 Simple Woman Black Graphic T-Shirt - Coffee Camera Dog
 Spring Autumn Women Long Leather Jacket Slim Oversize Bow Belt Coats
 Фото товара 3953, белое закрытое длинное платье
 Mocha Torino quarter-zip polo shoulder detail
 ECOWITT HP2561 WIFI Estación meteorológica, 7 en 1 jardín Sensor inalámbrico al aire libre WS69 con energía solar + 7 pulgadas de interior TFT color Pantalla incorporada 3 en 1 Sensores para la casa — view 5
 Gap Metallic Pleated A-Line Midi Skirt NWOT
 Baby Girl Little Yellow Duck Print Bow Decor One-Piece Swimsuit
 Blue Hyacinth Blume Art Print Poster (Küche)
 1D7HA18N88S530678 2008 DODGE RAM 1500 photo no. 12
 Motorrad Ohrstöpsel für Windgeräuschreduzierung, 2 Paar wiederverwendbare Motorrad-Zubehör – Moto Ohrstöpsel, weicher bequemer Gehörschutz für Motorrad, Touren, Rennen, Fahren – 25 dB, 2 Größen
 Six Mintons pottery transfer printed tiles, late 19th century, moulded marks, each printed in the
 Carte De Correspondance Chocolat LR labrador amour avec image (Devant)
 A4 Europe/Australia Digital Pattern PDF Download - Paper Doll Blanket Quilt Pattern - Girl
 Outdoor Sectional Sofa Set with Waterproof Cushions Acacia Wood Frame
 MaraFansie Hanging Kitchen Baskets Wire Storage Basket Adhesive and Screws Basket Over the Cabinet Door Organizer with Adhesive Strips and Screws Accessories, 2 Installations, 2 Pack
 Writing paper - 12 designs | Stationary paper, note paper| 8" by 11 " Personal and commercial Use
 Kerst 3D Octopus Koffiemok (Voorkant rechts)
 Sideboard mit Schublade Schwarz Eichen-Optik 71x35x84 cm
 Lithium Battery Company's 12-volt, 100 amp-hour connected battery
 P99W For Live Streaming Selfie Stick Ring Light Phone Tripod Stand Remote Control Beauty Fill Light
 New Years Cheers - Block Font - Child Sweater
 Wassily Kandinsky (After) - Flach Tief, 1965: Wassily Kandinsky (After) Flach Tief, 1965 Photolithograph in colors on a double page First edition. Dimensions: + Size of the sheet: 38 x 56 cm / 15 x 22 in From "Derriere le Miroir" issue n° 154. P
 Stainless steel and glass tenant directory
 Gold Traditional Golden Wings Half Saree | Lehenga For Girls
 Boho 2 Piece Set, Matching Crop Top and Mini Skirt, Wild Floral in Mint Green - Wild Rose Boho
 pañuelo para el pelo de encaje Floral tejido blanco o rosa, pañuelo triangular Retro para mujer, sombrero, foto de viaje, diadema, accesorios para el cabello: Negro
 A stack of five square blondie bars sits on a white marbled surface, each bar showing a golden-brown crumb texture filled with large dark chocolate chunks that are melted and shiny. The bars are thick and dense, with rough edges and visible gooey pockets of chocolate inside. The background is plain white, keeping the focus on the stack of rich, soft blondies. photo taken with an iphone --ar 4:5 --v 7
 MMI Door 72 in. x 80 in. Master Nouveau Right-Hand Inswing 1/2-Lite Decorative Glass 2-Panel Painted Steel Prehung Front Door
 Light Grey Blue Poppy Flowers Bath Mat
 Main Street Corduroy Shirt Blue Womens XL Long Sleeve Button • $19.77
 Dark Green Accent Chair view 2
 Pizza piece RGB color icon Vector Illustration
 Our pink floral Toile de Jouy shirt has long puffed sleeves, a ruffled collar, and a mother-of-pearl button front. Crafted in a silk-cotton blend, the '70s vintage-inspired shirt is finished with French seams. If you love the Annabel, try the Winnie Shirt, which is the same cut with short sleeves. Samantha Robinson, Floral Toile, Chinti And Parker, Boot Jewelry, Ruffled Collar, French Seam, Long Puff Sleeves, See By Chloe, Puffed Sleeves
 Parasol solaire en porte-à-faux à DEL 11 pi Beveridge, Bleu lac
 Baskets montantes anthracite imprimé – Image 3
+ + +
- [Instructions for the task] Search the material for the string "Green" and show every line that has it.

- [Output of the exercise]
 Boho 2 Piece Set, Matching Crop Top and Mini Skirt, Wild Floral in Mint Green - Wild Rose Boho
 Dark Green Accent Chair view 2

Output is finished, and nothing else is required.